# Elite Realaxiom CT trainer opinions?



## redline09 (Nov 21, 2009)

Hey everyone,
I am seriously considering buying an Elite Realaxiom CT trainer and can't find reviews on it.
T'his is a big, important purchase for me.
Your views on this trainer, positive or negative, would be greatly appreciated.
One concern I have is whether my five-year-old Dell laptop, with a duo core processor but not much of a video card, would run the software well.
Many thanks for your thoughts on this trainer!
Ride safe,
Redline09


----------



## Hask12 (Sep 21, 2008)

Are you like a pro?


----------



## redline09 (Nov 21, 2009)

Are you a pro?...Nope, I am just a dedicated recreational cyclist trying to become a faster, stronger rider and survive the boredom of a long winter riding indoors.


----------



## Kerry Irons (Feb 25, 2002)

*Alternatives*



redline09 said:


> Are you a pro?...Nope, I am just a dedicated recreational cyclist trying to become a faster, stronger rider and survive the boredom of a long winter riding indoors.


Then it sounds like your better choice might be a decent set of rollers. Build endurance and skills at the same time. What more could you ask?


----------



## Hask12 (Sep 21, 2008)

That's a pretty damn expensive trainer


----------



## chase196126 (Jan 4, 2008)

I havent specifically used this trainer, or know anyone who has either, but it seems like a cool concept.

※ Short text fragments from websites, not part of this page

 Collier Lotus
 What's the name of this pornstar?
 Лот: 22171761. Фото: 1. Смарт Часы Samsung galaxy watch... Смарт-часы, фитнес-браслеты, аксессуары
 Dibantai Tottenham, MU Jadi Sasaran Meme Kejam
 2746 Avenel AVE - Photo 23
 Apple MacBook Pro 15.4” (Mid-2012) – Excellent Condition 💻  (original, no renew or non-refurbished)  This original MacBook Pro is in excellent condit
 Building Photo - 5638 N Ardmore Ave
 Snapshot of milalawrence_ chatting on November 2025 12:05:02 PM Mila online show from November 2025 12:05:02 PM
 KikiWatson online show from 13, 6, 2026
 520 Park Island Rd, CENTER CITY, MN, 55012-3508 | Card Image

I have ridden computrainers before and they work well, even without the fancy video simulations. 

My personal recommendation would be this: 
1. Get a good, normal trainer or set of rollers. 
2. Get a powermeter to go with it
3. Get some bike racing DVDs, or some of your favorite shows that keep you motivated. 

If you are a motivated person a powermeter + a trainer will work just as well, if not better, than a computrainer. When the winter is over you can take the power meter out on the road and have it when you ride for real as well. 

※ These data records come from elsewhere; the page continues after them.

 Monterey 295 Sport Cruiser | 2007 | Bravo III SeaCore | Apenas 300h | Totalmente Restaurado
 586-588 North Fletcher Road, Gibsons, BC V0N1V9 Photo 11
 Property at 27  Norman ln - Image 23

Powermeters are not for everyone, but personally I find a powermeter to be almost like having a gameboy on my bike. When I dont have a structured plan to follow I can have fun testing myself against my old power on different courses. 

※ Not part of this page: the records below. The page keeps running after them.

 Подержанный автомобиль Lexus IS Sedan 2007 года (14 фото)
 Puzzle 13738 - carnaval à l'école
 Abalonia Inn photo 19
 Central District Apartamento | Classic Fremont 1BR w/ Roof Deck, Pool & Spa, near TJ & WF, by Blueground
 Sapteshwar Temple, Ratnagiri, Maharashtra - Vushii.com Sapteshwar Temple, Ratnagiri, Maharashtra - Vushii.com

Otherwise, go for the computrainer! If it will keep you motivated to get on the bike indoors that is all that matters.


----------



## spade2you (May 12, 2009)

I agree the trainer+rollers+power meter is one of the better ways to train. The fancy trainers with software and readouts are nice, but you can't get numbers when you're on the road.


----------



## dekindy (Jul 7, 2006)

I have done some research because of the advanced concept and possible future purchase, way future. Like you I have not found a lot on it. Previous models have had major software problems and if I remember correctly the one comment I found regarding the new one noted the same problems. I think that I would stay away until there is more information.


----------